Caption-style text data
▽
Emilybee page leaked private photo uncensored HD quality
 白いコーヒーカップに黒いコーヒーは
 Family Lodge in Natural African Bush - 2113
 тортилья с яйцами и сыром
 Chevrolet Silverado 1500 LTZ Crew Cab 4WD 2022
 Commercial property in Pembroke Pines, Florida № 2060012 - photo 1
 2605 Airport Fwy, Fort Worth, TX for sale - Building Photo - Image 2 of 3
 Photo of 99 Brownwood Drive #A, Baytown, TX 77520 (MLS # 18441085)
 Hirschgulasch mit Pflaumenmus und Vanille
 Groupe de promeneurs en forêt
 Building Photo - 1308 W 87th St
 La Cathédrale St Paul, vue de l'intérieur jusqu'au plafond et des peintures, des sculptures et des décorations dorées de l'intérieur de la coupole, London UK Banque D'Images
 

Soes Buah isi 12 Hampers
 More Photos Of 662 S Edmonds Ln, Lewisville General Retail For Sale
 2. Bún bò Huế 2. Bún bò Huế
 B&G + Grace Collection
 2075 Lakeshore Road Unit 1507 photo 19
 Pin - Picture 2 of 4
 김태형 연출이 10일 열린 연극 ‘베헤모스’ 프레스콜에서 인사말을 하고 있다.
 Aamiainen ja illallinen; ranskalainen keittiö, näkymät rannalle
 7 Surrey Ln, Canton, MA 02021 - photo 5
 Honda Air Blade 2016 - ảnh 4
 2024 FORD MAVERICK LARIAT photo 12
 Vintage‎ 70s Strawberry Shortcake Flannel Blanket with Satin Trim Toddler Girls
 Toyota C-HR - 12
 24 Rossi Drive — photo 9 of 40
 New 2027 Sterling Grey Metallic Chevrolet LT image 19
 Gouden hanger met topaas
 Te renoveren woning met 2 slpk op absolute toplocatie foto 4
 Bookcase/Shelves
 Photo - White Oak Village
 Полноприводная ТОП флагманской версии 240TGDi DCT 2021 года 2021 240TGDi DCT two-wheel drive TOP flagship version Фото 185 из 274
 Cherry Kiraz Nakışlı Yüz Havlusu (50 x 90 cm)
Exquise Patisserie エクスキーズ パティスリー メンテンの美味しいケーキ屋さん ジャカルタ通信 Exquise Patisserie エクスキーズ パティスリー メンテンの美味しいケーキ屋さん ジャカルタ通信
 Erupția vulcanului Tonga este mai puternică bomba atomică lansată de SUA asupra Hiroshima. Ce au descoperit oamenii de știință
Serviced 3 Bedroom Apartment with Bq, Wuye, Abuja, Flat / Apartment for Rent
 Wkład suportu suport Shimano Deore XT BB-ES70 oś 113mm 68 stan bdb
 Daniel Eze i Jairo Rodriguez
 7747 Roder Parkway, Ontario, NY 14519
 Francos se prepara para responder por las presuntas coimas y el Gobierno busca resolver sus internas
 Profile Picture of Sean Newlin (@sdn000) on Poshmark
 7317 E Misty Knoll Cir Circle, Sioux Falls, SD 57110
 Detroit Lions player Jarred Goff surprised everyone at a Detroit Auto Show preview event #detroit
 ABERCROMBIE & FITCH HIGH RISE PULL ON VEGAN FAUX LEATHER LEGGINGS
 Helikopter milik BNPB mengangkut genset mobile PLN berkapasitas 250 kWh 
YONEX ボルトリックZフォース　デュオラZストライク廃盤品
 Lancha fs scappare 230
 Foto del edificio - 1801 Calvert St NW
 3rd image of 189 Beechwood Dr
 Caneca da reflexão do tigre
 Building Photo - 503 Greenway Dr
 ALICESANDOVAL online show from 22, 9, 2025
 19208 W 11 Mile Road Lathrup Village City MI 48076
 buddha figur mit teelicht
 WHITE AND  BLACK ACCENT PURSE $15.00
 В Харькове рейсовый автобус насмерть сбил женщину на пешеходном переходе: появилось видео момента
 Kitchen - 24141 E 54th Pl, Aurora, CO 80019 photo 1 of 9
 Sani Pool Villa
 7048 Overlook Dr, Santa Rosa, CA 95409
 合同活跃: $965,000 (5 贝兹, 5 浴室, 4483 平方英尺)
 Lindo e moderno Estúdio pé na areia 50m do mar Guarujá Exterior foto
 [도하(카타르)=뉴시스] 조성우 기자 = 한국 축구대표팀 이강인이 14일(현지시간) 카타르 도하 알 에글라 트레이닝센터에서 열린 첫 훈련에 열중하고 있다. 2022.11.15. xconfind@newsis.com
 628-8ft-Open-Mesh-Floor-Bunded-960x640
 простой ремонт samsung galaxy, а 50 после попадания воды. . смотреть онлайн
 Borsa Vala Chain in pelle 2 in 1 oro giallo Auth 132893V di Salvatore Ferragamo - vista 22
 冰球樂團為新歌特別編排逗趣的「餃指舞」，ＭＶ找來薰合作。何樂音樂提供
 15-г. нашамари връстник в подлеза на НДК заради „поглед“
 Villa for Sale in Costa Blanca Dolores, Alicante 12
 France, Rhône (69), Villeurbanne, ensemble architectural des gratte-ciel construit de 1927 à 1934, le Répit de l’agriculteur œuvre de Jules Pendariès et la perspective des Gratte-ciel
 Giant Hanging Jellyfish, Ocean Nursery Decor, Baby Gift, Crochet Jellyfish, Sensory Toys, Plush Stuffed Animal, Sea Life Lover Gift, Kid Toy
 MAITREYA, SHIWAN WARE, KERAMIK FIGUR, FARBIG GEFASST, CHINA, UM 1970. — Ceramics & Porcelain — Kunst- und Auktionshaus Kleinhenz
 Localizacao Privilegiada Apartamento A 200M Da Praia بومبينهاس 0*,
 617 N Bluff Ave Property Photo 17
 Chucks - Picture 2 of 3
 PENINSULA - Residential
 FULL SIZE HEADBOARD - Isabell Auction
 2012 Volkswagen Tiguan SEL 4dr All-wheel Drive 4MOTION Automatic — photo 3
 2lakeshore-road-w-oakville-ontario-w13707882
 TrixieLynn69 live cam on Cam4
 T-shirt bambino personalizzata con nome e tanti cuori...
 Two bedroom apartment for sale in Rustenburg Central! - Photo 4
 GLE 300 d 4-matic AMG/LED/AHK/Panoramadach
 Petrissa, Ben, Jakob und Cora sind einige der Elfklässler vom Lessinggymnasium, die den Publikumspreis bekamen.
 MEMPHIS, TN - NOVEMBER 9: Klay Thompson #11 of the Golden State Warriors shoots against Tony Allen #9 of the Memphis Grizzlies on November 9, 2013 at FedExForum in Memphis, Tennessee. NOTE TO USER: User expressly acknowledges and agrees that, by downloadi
△
Your objective:
Leaving no line out, return the data above verbatim.

Finished exercise:
Emilybee page leaked private photo uncensored HD quality
 白いコーヒーカップに黒いコーヒーは
 Family Lodge in Natural African Bush - 2113
 тортилья с яйцами и сыром
 Chevrolet Silverado 1500 LTZ Crew Cab 4WD 2022
 Commercial property in Pembroke Pines, Florida № 2060012 - photo 1
 2605 Airport Fwy, Fort Worth, TX for sale - Building Photo - Image 2 of 3
 Photo of 99 Brownwood Drive #A, Baytown, TX 77520 (MLS # 18441085)
 Hirschgulasch mit Pflaumenmus und Vanille
 Groupe de promeneurs en forêt
 Building Photo - 1308 W 87th St
 La Cathédrale St Paul, vue de l'intérieur jusqu'au plafond et des peintures, des sculptures et des décorations dorées de l'intérieur de la coupole, London UK Banque D'Images
 

Soes Buah isi 12 Hampers
 More Photos Of 662 S Edmonds Ln, Lewisville General Retail For Sale
 2. Bún bò Huế 2. Bún bò Huế
 B&G + Grace Collection
 2075 Lakeshore Road Unit 1507 photo 19
 Pin - Picture 2 of 4
 김태형 연출이 10일 열린 연극 ‘베헤모스’ 프레스콜에서 인사말을 하고 있다.
 Aamiainen ja illallinen; ranskalainen keittiö, näkymät rannalle
 7 Surrey Ln, Canton, MA 02021 - photo 5
 Honda Air Blade 2016 - ảnh 4
 2024 FORD MAVERICK LARIAT photo 12
 Vintage‎ 70s Strawberry Shortcake Flannel Blanket with Satin Trim Toddler Girls
 Toyota C-HR - 12
 24 Rossi Drive — photo 9 of 40
 New 2027 Sterling Grey Metallic Chevrolet LT image 19
 Gouden hanger met topaas
 Te renoveren woning met 2 slpk op absolute toplocatie foto 4
 Bookcase/Shelves
 Photo - White Oak Village
 Полноприводная ТОП флагманской версии 240TGDi DCT 2021 года 2021 240TGDi DCT two-wheel drive TOP flagship version Фото 185 из 274
 Cherry Kiraz Nakışlı Yüz Havlusu (50 x 90 cm)
Exquise Patisserie エクスキーズ パティスリー メンテンの美味しいケーキ屋さん ジャカルタ通信 Exquise Patisserie エクスキーズ パティスリー メンテンの美味しいケーキ屋さん ジャカルタ通信
 Erupția vulcanului Tonga este mai puternică bomba atomică lansată de SUA asupra Hiroshima. Ce au descoperit oamenii de știință
Serviced 3 Bedroom Apartment with Bq, Wuye, Abuja, Flat / Apartment for Rent
 Wkład suportu suport Shimano Deore XT BB-ES70 oś 113mm 68 stan bdb
 Daniel Eze i Jairo Rodriguez
 7747 Roder Parkway, Ontario, NY 14519
 Francos se prepara para responder por las presuntas coimas y el Gobierno busca resolver sus internas
 Profile Picture of Sean Newlin (@sdn000) on Poshmark
 7317 E Misty Knoll Cir Circle, Sioux Falls, SD 57110
 Detroit Lions player Jarred Goff surprised everyone at a Detroit Auto Show preview event #detroit
 ABERCROMBIE & FITCH HIGH RISE PULL ON VEGAN FAUX LEATHER LEGGINGS
 Helikopter milik BNPB mengangkut genset mobile PLN berkapasitas 250 kWh 
YONEX ボルトリックZフォース　デュオラZストライク廃盤品
 Lancha fs scappare 230
 Foto del edificio - 1801 Calvert St NW
 3rd image of 189 Beechwood Dr
 Caneca da reflexão do tigre
 Building Photo - 503 Greenway Dr
 ALICESANDOVAL online show from 22, 9, 2025
 19208 W 11 Mile Road Lathrup Village City MI 48076
 buddha figur mit teelicht
 WHITE AND  BLACK ACCENT PURSE $15.00
 В Харькове рейсовый автобус насмерть сбил женщину на пешеходном переходе: появилось видео момента
 Kitchen - 24141 E 54th Pl, Aurora, CO 80019 photo 1 of 9
 Sani Pool Villa
 7048 Overlook Dr, Santa Rosa, CA 95409
 合同活跃: $965,000 (5 贝兹, 5 浴室, 4483 平方英尺)
 Lindo e moderno Estúdio pé na areia 50m do mar Guarujá Exterior foto
 [도하(카타르)=뉴시스] 조성우 기자 = 한국 축구대표팀 이강인이 14일(현지시간) 카타르 도하 알 에글라 트레이닝센터에서 열린 첫 훈련에 열중하고 있다. 2022.11.15. xconfind@newsis.com
 628-8ft-Open-Mesh-Floor-Bunded-960x640
 простой ремонт samsung galaxy, а 50 после попадания воды. . смотреть онлайн
 Borsa Vala Chain in pelle 2 in 1 oro giallo Auth 132893V di Salvatore Ferragamo - vista 22
 冰球樂團為新歌特別編排逗趣的「餃指舞」，ＭＶ找來薰合作。何樂音樂提供
 15-г. нашамари връстник в подлеза на НДК заради „поглед“
 Villa for Sale in Costa Blanca Dolores, Alicante 12
 France, Rhône (69), Villeurbanne, ensemble architectural des gratte-ciel construit de 1927 à 1934, le Répit de l’agriculteur œuvre de Jules Pendariès et la perspective des Gratte-ciel
 Giant Hanging Jellyfish, Ocean Nursery Decor, Baby Gift, Crochet Jellyfish, Sensory Toys, Plush Stuffed Animal, Sea Life Lover Gift, Kid Toy
 MAITREYA, SHIWAN WARE, KERAMIK FIGUR, FARBIG GEFASST, CHINA, UM 1970. — Ceramics & Porcelain — Kunst- und Auktionshaus Kleinhenz
 Localizacao Privilegiada Apartamento A 200M Da Praia بومبينهاس 0*,
 617 N Bluff Ave Property Photo 17
 Chucks - Picture 2 of 3
 PENINSULA - Residential
 FULL SIZE HEADBOARD - Isabell Auction
 2012 Volkswagen Tiguan SEL 4dr All-wheel Drive 4MOTION Automatic — photo 3
 2lakeshore-road-w-oakville-ontario-w13707882
 TrixieLynn69 live cam on Cam4
 T-shirt bambino personalizzata con nome e tanti cuori...
 Two bedroom apartment for sale in Rustenburg Central! - Photo 4
 GLE 300 d 4-matic AMG/LED/AHK/Panoramadach
 Petrissa, Ben, Jakob und Cora sind einige der Elfklässler vom Lessinggymnasium, die den Publikumspreis bekamen.
 MEMPHIS, TN - NOVEMBER 9: Klay Thompson #11 of the Golden State Warriors shoots against Tony Allen #9 of the Memphis Grizzlies on November 9, 2013 at FedExForum in Memphis, Tennessee. NOTE TO USER: User expressly acknowledges and agrees that, by downloadi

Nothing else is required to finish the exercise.